Para começar, não existe “desastre natural” em uma aglomeração urbana. Na verdade, as altas taxas de urbanização do Brasil fazem com que virtualmente qualquer fenômeno climático sofra alguma intervenção humana. As grandes cheias e grandes secas que nos atingem são efeitos de fenômenos naturais, sim, mas pesadamente influenciados pela ação humana.

Portanto, as enchentes não são fruto da vontade divina, mas da incompetência humana. O uso das áreas de cheias dos rios e de encostas para construção, isso sim, é o que pode ser chamado de tragédia, não a ocorrência das chuvas. É evidente que as chuvas estão mais fortes atualmente. Apesar de muita gente ainda não acreditar, as mudanças climáticas existem e já nos afetam. Não precisamos esperar o degelo dos polos para sentir as consequências. As tempestades estão ficando, de fato, mais violentas, mas, friso mais uma vez, Deus não tem nada a ver com isso. 

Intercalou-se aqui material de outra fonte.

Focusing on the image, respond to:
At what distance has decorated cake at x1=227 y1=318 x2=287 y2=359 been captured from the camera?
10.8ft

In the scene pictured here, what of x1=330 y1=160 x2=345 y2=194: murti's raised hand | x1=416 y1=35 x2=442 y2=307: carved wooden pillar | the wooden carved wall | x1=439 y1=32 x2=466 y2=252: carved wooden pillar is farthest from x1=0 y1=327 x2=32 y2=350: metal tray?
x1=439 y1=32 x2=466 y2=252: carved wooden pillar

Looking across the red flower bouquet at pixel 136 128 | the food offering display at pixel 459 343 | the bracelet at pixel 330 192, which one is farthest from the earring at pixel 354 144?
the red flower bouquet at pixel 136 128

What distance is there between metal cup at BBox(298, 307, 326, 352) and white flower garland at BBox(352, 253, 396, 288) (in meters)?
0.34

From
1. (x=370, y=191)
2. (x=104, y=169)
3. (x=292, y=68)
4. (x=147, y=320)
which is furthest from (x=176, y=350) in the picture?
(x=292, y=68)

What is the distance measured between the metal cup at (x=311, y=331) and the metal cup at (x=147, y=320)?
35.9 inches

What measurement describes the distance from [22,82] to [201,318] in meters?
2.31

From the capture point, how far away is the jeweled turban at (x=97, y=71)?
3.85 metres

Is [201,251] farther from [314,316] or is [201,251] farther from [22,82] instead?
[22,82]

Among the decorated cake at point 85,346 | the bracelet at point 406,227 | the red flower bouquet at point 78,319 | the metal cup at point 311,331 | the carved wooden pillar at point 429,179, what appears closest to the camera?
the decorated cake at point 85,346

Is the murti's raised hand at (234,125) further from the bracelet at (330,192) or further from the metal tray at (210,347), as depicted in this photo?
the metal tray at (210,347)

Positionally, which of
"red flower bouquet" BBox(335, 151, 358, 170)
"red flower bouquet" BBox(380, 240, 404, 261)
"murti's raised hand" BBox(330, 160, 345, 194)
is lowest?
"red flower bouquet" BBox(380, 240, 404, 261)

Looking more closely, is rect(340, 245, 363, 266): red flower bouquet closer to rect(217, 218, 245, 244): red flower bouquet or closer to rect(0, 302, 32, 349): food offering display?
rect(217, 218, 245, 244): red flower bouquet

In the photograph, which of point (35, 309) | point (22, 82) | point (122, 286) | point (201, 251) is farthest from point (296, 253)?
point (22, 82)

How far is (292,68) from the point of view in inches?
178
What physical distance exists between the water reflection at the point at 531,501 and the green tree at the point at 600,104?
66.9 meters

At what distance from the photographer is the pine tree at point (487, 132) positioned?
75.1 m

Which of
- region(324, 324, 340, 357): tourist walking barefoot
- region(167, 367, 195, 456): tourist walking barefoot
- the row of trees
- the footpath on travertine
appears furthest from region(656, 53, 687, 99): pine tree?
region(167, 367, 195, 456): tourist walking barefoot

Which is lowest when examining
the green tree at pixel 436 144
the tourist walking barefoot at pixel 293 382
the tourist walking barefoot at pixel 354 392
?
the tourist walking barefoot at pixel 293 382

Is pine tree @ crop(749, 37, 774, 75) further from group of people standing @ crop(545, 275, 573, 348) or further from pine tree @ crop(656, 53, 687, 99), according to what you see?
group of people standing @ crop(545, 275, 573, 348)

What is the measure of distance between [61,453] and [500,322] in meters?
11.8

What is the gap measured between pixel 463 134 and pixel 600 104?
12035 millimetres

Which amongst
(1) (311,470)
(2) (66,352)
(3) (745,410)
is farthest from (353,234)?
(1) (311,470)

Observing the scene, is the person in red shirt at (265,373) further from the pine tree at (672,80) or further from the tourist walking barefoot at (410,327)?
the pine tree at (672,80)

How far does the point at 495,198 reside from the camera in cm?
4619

O que impressiona é que todas essas informações são de domínio público. Mesmo assim, não há movimento sério para mitigar os efeitos das mudanças climáticas. Ressalte-se que esse tipo de leniência não está circunscrito ao Vale do Itajaí. Em São Paulo, as obras contra enchentes estão paradas. No Rio de Janeiro, os únicos moradores retirados (à força) de áreas de risco são aqueles que estão no caminho das obras para a Copa do Mundo e da Olimpíada. Se a realidade nas duas cidades mais ricas do país é essa, nas cidades menores a situação não é melhor.

Desigualdade ambiental

O segundo aspecto dessa questão é aquilo que chamo de “desigualdade ambiental”, uma tradução livre do termo “environmental justice”. O movimento pela justiça ambiental começou nos Estados Unidos nos anos 80, com movimentos para protestar contra a instalação de lixões em vizinhanças negras e latinas. Esses bairros recebem proporcionalmente muito mais instalações perigosas do que comunidades de maioria branca. Desde então, a definição do que se entende por condições ambientais aumentou. Não apenas lixões, mas todo o tipo de desigualdade em relação a condições ambientais que atingem determinada região.

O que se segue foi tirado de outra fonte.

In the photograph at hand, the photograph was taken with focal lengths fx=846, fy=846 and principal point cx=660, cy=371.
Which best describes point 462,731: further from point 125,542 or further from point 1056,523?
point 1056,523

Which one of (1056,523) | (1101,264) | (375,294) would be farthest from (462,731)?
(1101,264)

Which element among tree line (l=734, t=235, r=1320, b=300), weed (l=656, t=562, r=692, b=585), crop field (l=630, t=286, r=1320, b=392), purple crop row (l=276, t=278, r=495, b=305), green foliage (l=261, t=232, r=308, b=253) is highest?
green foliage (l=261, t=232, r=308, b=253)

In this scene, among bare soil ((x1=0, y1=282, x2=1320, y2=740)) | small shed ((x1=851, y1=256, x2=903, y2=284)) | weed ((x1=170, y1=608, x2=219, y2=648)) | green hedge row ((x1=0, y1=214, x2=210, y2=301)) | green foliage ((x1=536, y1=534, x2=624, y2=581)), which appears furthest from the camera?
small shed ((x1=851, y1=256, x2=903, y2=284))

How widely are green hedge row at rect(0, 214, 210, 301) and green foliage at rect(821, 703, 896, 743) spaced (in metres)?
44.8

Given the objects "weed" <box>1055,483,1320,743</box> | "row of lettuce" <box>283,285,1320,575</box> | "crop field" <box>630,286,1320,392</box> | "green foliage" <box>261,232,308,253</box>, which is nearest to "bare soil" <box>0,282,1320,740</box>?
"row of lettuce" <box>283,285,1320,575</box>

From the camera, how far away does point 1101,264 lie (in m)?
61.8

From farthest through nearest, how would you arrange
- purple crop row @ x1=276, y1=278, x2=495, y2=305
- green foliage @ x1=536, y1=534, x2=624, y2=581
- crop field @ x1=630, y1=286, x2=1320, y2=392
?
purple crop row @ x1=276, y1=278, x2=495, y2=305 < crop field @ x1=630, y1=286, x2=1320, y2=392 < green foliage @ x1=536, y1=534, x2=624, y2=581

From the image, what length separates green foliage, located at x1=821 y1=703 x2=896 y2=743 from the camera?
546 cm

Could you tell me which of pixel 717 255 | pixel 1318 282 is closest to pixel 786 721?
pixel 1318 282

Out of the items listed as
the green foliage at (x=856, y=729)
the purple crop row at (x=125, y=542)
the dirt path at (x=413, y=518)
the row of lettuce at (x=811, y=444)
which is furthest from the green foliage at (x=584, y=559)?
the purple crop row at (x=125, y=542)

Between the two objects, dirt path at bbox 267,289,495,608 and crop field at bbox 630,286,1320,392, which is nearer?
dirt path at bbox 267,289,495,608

Dessa forma, é possível chamar de desigualdade ambiental a diferença que existe entre comunidades ricas e carentes em relação aos efeitos das chuvas. Favelas e bairros pobres quase sempre inundam (ou desabam) antes e de forma mais violenta do que áreas ricas. Mesmo quando as áreas mais afluentes são atingidas, os efeitos nos moradores são mínimos, já que eles têm mais informação e meios para fugir mais cedo, além de recursos financeiros para modificar a própria casa para evitar grandes consequências nas construções.

Parece natural que seja assim, já que estamos acostumados com essa dinâmica social, onde os mais ricos se safam e os mais pobres sofrem. Realmente, é assim que sempre acontece, mas isso não muda o fato de que é injusto que alguns sejam mais atingidos que outros por um mesmo fenômeno. Além disso, esse fato tira ainda mais das enchentes e deslizamentos seu aspecto de ‘desastre natural”. Se só a força da natureza agisse, os atingidos não seriam tão claramente divididos entre ricos e pobres.

E o que o poder público tem feito sobre o assunto? Na maioria dos casos, das duas uma: ou fechou os olhos para o problema ou criminalizou os moradores das áreas de risco, que acabam sendo expulsos sem direito à indenização – no máximo com bolsa aluguel ou um cheque despejo – para, em seguida, voltarem a se instalar em uma área de risco, dessa vez um pouco mais longe do centro da cidade.

Esses estilos de intervenção pública já mostraram que não levam a nada. Investir em moradia decente e em um ambiente digno para todos não é esmola, e sim uma questão de justiça. Como se não bastasse, ajuda a economizar dinheiro público, que flui sem controle em casos de tragédias como essa.